Edwin Muir, Scottish Journey (1935), Edinburgh: Mainstream Publishing Company, 1979, p. 2-4.
.
A century ago there was a great clearance from the Highlands which still rouses the anger of the people living there. At present, on a far bigger scale, a silent clearance is going
on in industrial Scotland, a clearance not of human beings, but of what they depend upon for life. Everything which could give meaning to their existence in these grotesque industrial towns of Lanarkshire is slipping from them; the surroundings of industrialism remain, but
industry itself is vanishing like a dream. Airdrie and Motherwell are the most improbable places imaginable in which to be left with nothing to do; for only rough work could reconcile anyone to living in them. Yet a large population lives there in idleness; for there is
nowhere else to go […]

This is the heart of Scotland, but Scotland is, like all countries, a confusing conglomeration, containing such strange anachronisms as Edinburgh, a great expanse of cultivated and a greater of fallow land, and a number of different races. In the
course of my journeyings I came in contact with these various Scotlands, passing from one into another without rhyme or reason, as it seemed to me; but what Scotland is I am still unable to say. It is Edinburgh, certainly, and Airdrie, and Glasgow, and Kirriemuir, and the
Kailyard, and the rich agricultural areas of the South, and the depopulated glens of Sutherland, and the prosperous islanded county of Orkney. It has a human north and south, east and west, as well as a geographical; but though they have been clamped within a small space
for a long time, one feels they have never met. Then there is the rivalry between Edinburgh and Glasgow, ridiculous in essence, jocular in expression and acrid in spirit; there are the various classes, of which I found the working—or rather the workless—lass by far the most
honestly admirable; there are the Socialists, the intellectuals—mostly anti-Calvinistic, but sentimental compared with their forerunners—the Catholics, the Orangemen, the Fascists, the Nationalists, the hikers, and the churchgoers. Most of these might be found in any other
country, though the proportions would be different; the intellectuals, the hikers and the Fascists would be more numerous, the Socialists and the churchgoers fewer. Finally, cutting across these classifications, come the Highlanders and the Lowlanders. No two sets of people
could be more temperamentally incompatible. I shall have to say something about these various divisions in Scottish life in the course of this book, and perhaps when I have done that some picture of Scotland will emerge. But I should like to put here my main impression, and
it is that Scotland is gradually being emptied of its population, its spirit, its wealth, industry, art, intellect, and innate character. This is a sad conclusion; but it has some support on historical grounds. If a country exports its most enterprising spirits and best minds
year after year, for fifty or a hundred or two hundred years, some result will inevitably follow.
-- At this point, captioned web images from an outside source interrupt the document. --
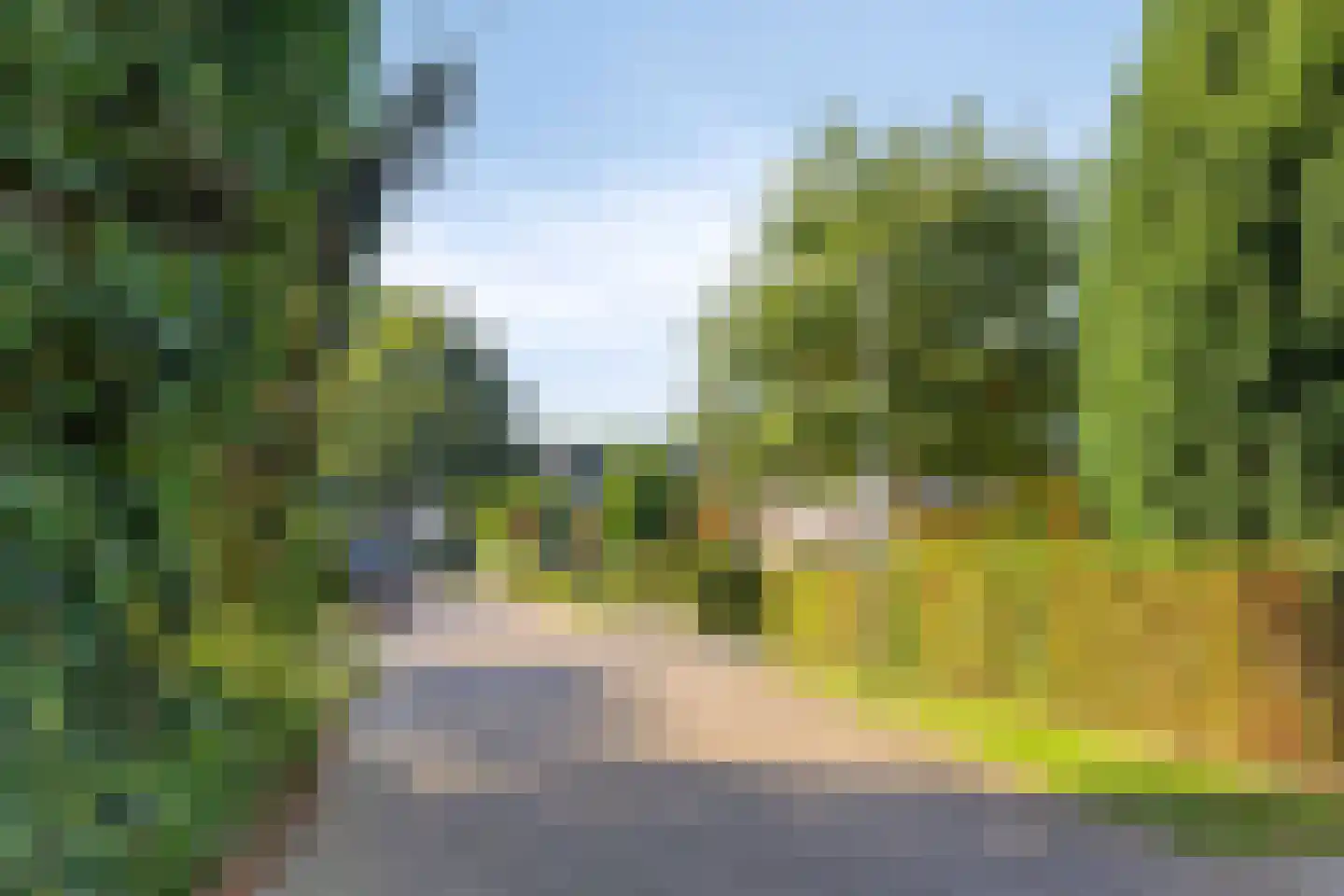 Ter Borch 22 Zuidlaren thumbnail 43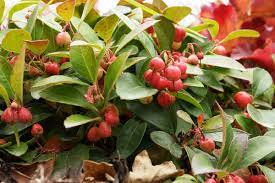 Knospen rosa, später weiße große blütenbälle. Baum Und Strauch Mit Roten Beeren 16 Arten Gartenlexikon De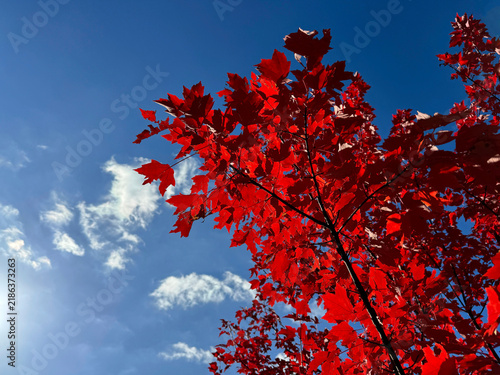 Obraz na płótnie Red maple acer rubrum tree in autumn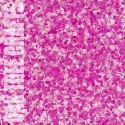 90982 - DP34 - Miyuki - Lined - Hot Pink (23) - 9gm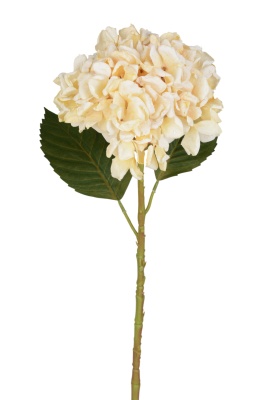 Hortensienblüte creme künstlich 18 / 56cm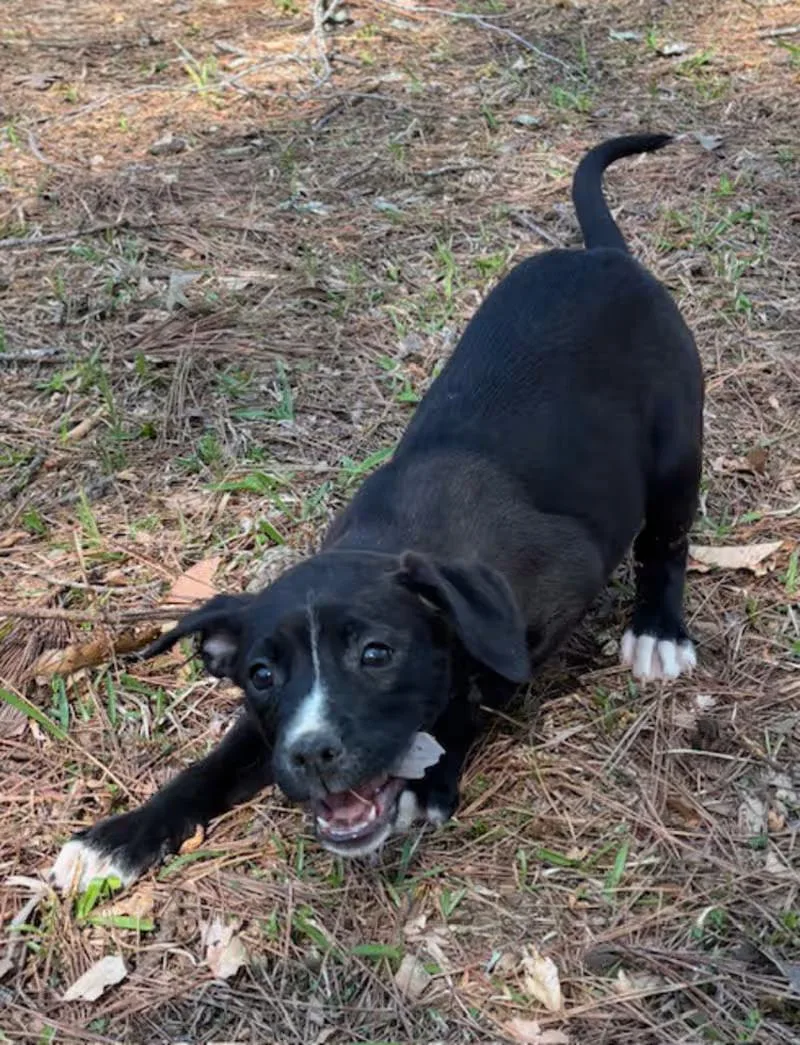 Polka Dot thumbnail 2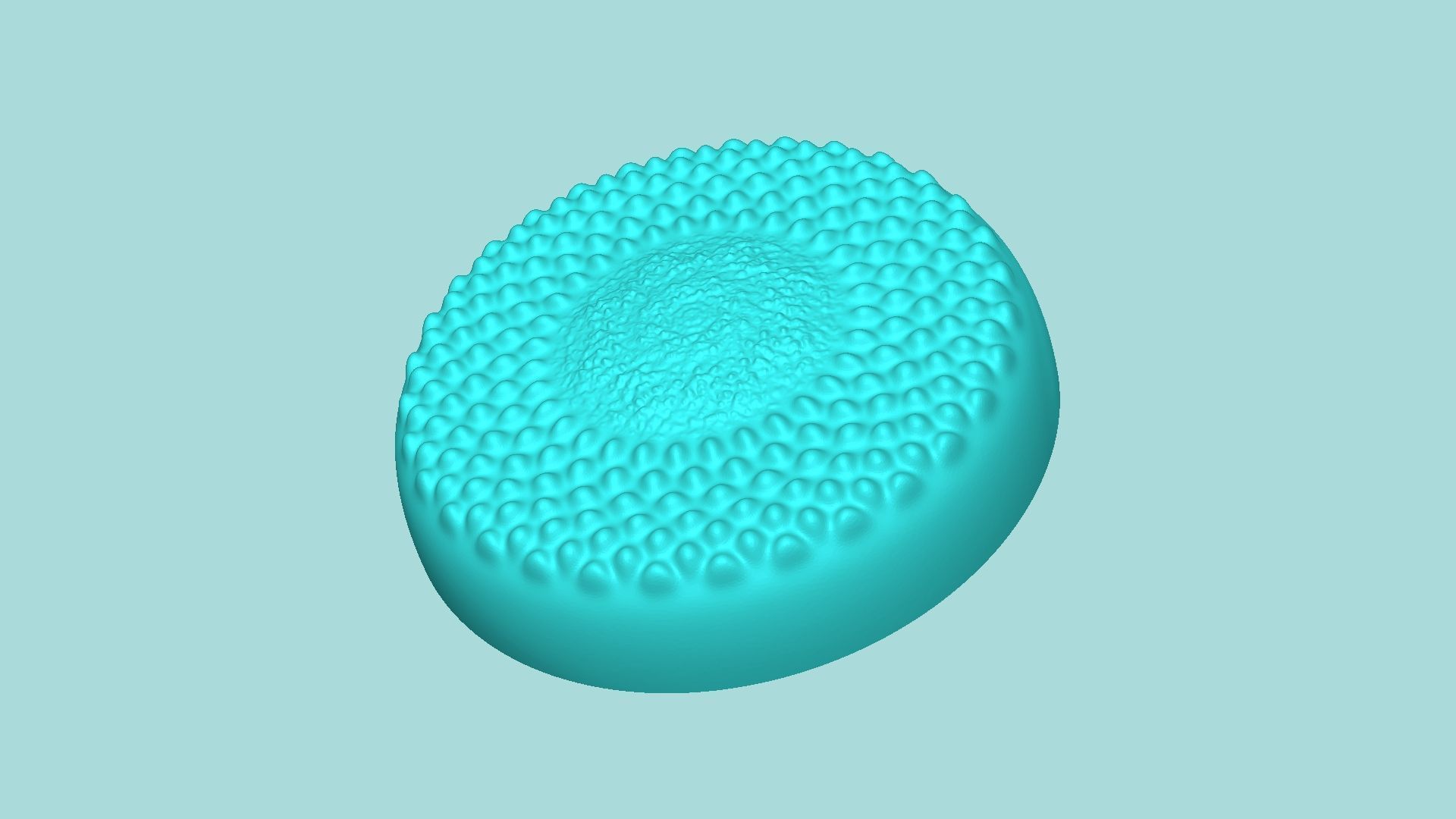 07 Sunflower Center Mold Collection - Silicone Maker - Template _33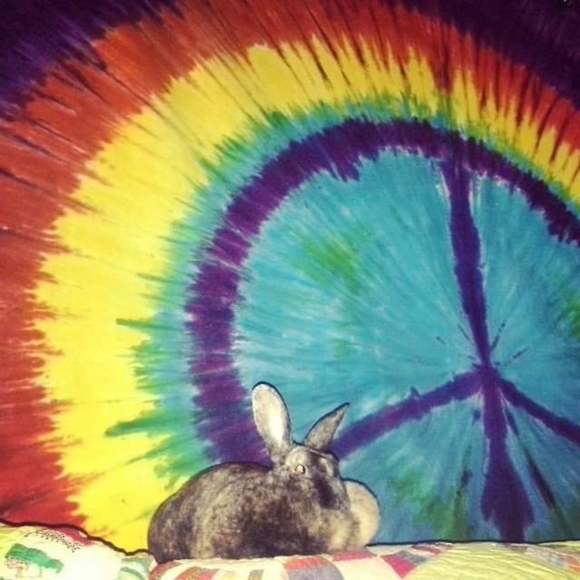 Meet your Posher, Adrienne (Ilene) Ambassador - Picture 4 of 9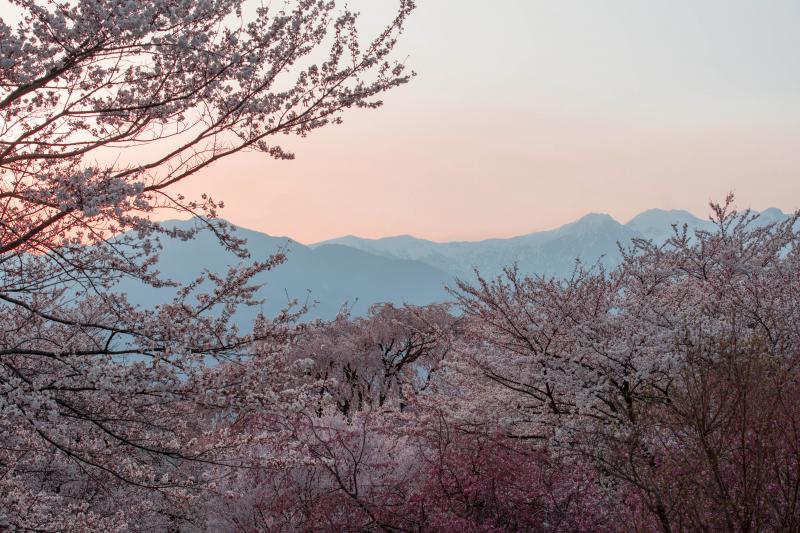 [ 夕暮れの桜と中央アルプス ]  美しい色彩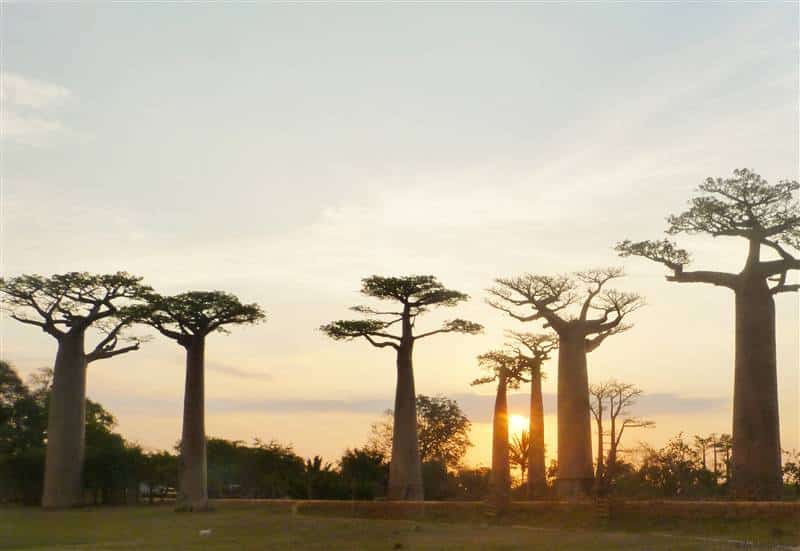 Baobab allee Morondava_west_madagascar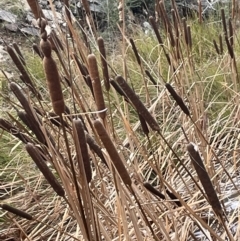 Typha latifolia (Cat's-Tail) at Kowen, ACT - 11 Jul 2021 by JaneR
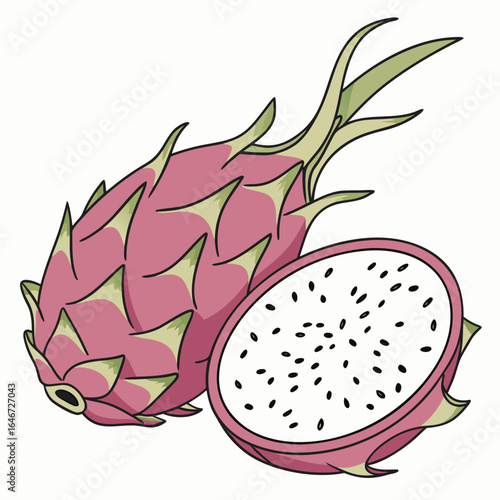 Vector illustration of a whole and halved dragon fruit, a vibrant pink pitaya showcasing its white pulp and black seeds for healthy eating concepts.
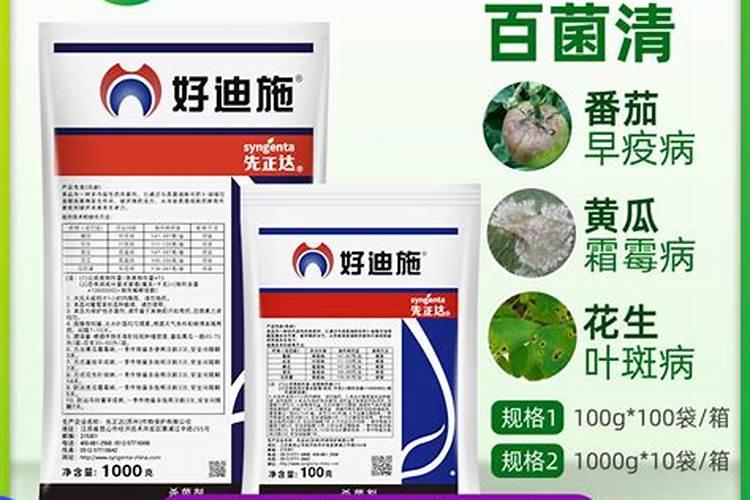 百菌清杀菌剂治什么病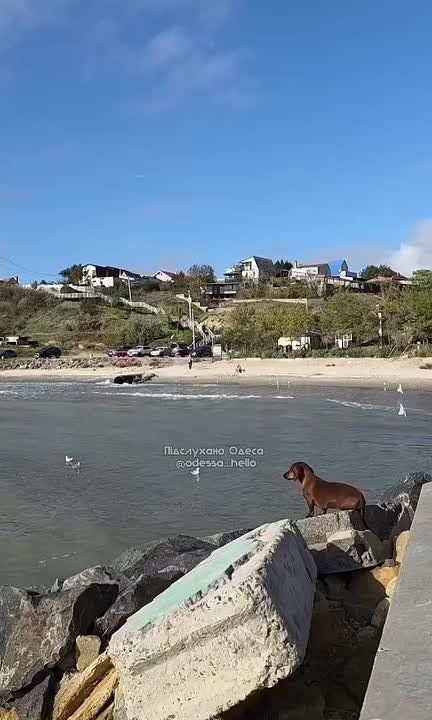Даже лебеди в это солнечное утро чилят на пляже, а ты всё спишь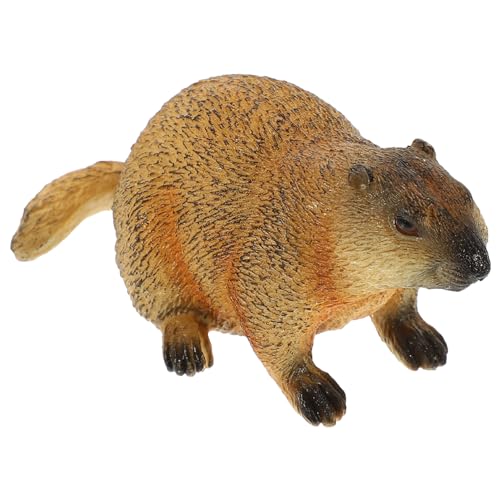 VALICLUD Simulation Groundhog Figurine Realistische Tierfigur für Dekoration Lernspielzeug zur Tierkognition für Klassenzimmer und Kinderzimmer Design Lebensechte Gestaltung VALICLUD Simulation Groundhog Figurine Realistische Tierfigur für Dekoration Lernspielzeug zur Tierkognition für Klassenzimmer und Kinderzimmer Design Lebensechte Gestaltung von VALICLUD
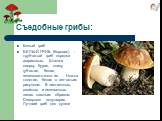 Белый гриб БЕЛЫЙ ГРИБ (боровик) - трубчатый гриб порядка агариковых. Шляпка сверху бурая, снизу губчатая, белая, зеленовато-желтая. Ножка толстая, белая с сетчатым рисунком. В лиственных, хвойных и смешанных лесах главным образом Северного полушария. Лучший гриб для сушки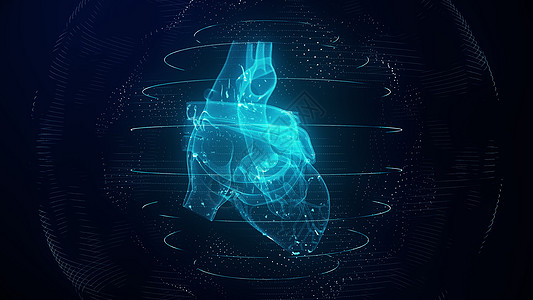解剖学上正确的蓝色数字人类心脏 未来粒子心脏 sca无缝监控核磁共振医院x射线器官3d药品疾病扫描图片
England gives some scope for its best; Scotland gives none; and by now its large towns are composed of astute capitalists and angry proletarians, with nothing that matters
much in between. Edinburgh is a partial exception to this; but Edinburgh is a handsome, empty capital of the past. And as no civilisation that is composed merely of exploiters and exploited can endure far long, Glasgow, Dundee, Aberdeen, and Greenock are now following Edinburgh.
They are monuments of Scotland’s industrial past, historical landmarks in a country which is becoming lost to history.